Want to hear it before placing your best and final offer? Me too – we can be friends. Exclusive in-person listening experiences of the Blowin' in the Wind Ionic Original will take place in advance of the auction: by-appointment in Los Angeles (June 8) and New York (June 15) and as part of the public pre-sale exhibition in London (July 2-7).
Opinion: the actual, physical, tangible music format is still deeply important
I almost didn't write this piece, because the current cost of living crisis can make a mockery of such events; some of us are choosing whether to heat or eat and here I am, waxing lyrical about £1m formats some of us may not own the kit to actually play?
But that would have been grossly remiss of me – and not just because if you head to the listening sessions, you'll be able to hear it on a top McIntosh audio system comprising an MT5 Precision turntable (aka one of the best turntables in existence, and proof it does play like a record!) an MP1100 phono preamp (see also, the MA6300 integrated amp), and a MHA200 headphone amplifier, which will surely be hooked up to some of the best over-ear headphones available, all without having to buy said sound system.

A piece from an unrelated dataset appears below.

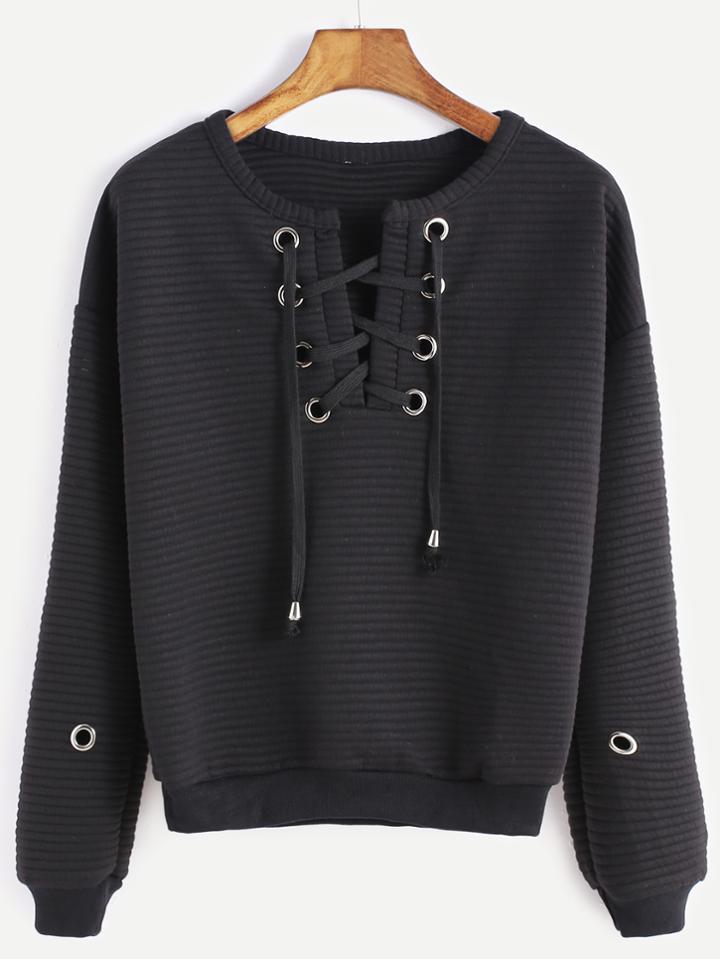 Romwe Black Lace Up Metal Eyelet Trim Ribbed Sweatshirt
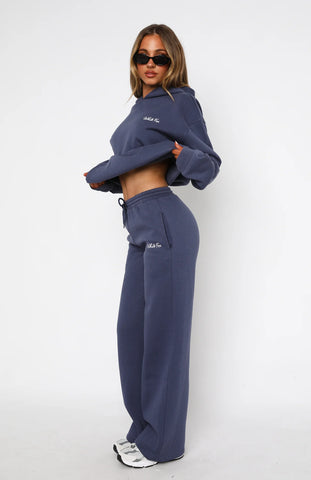 Oversize Hoodie + Wide Leg Sweatpants  - Navy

No, the reason this needs to be shouted about is that it's one of the most important songs written in the last century, and now, 60 years after Dylan first wrote it and cut the record, he is giving us a new recording of the track; one that is both deeply relevant for our times and resonates with me profoundly – and I'm certain I'm not alone here.

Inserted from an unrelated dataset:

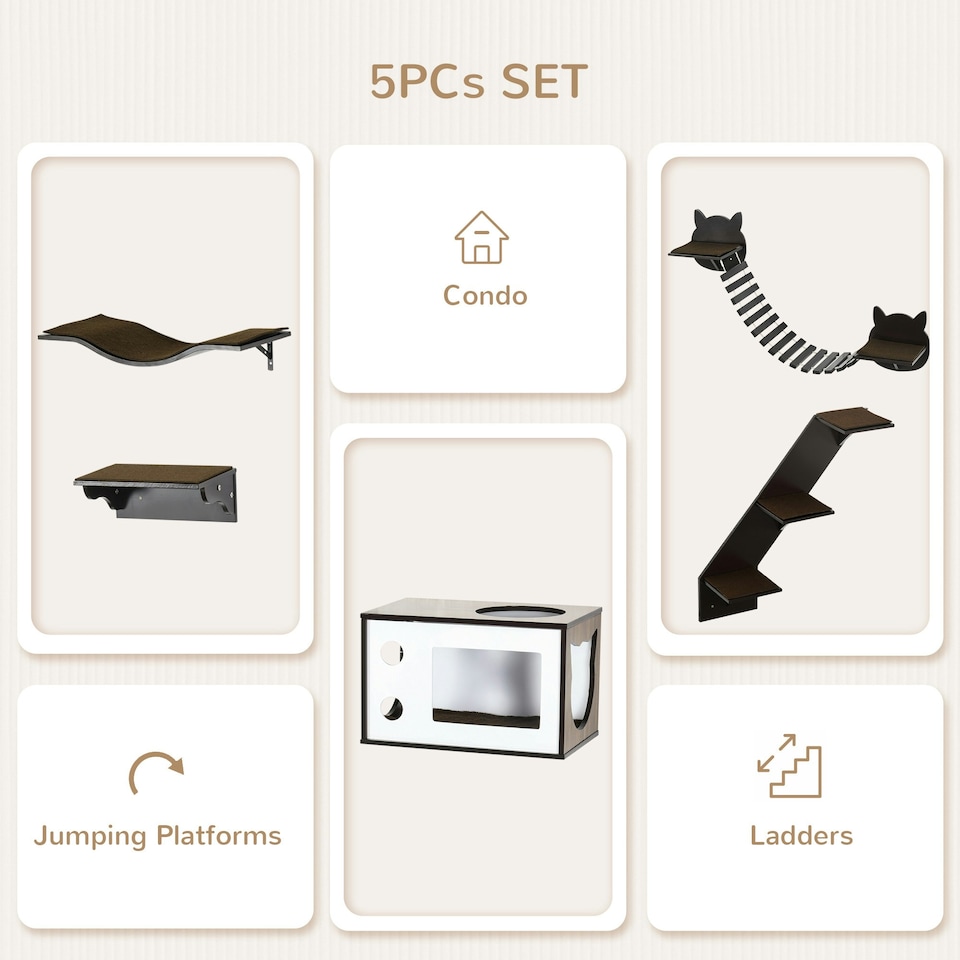 image 1 of PawHut 5 Piece Cat Wall Shelves, Wall-Mounted Cat Tree for Indoor Use - Brown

It's also a reminder of what can be achieved from humble beginnings: Dylan first sang it on the diminutive stage of Gerde's Folk City in Greenwich Village in April 1962, but today it is woven firmly into the fabric of American culture – and soon, it will be auctioned for a massive fee.

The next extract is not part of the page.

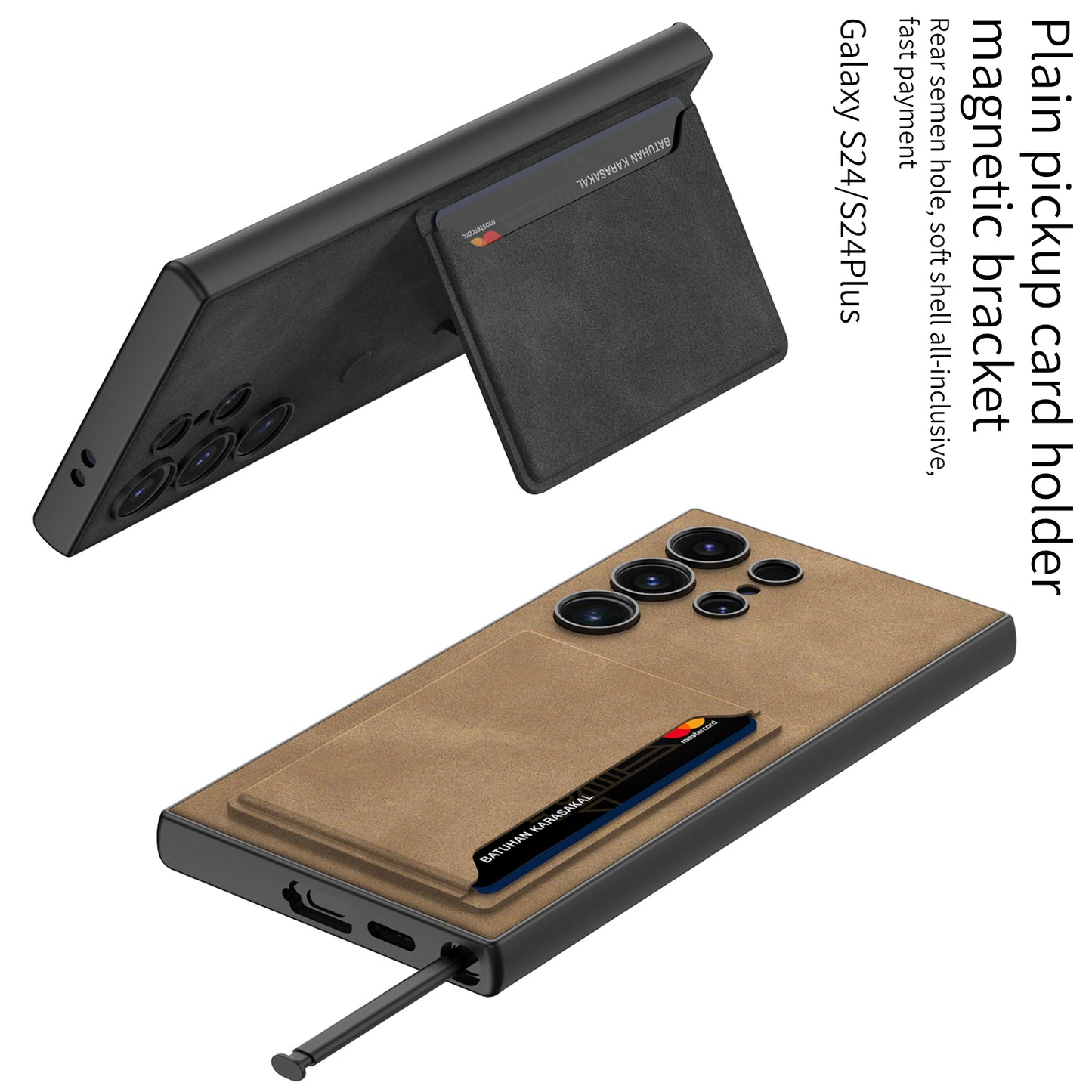 Leather Cardholder Case For Samsung S24Ultra S24Plus S24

I'm not alone in thinking that analog, tangible music needs to be preserved and improved. Why else would vinyl have seen such an incredible resurgence in the past few years? The fact that Burnett is doing that is to be commended – albeit in a cost-prohibitive way. But don't you remember how expensive turntables used to be? Now, we can buy a deck for the cost of a nice meal, or from Ikea.
For now, just close your eyes and imagine Dylan's slightly reedy, emotive, inimitable dulcet tones. How many roads must a man walk down, before you call him a man? Yes, and how many times must the cannonballs fly before they're forever banned? The answer, my friend, is blowin' in the wind. The answer is blowin' in the wind. (You can call your bank manager about the possibility of a loan later).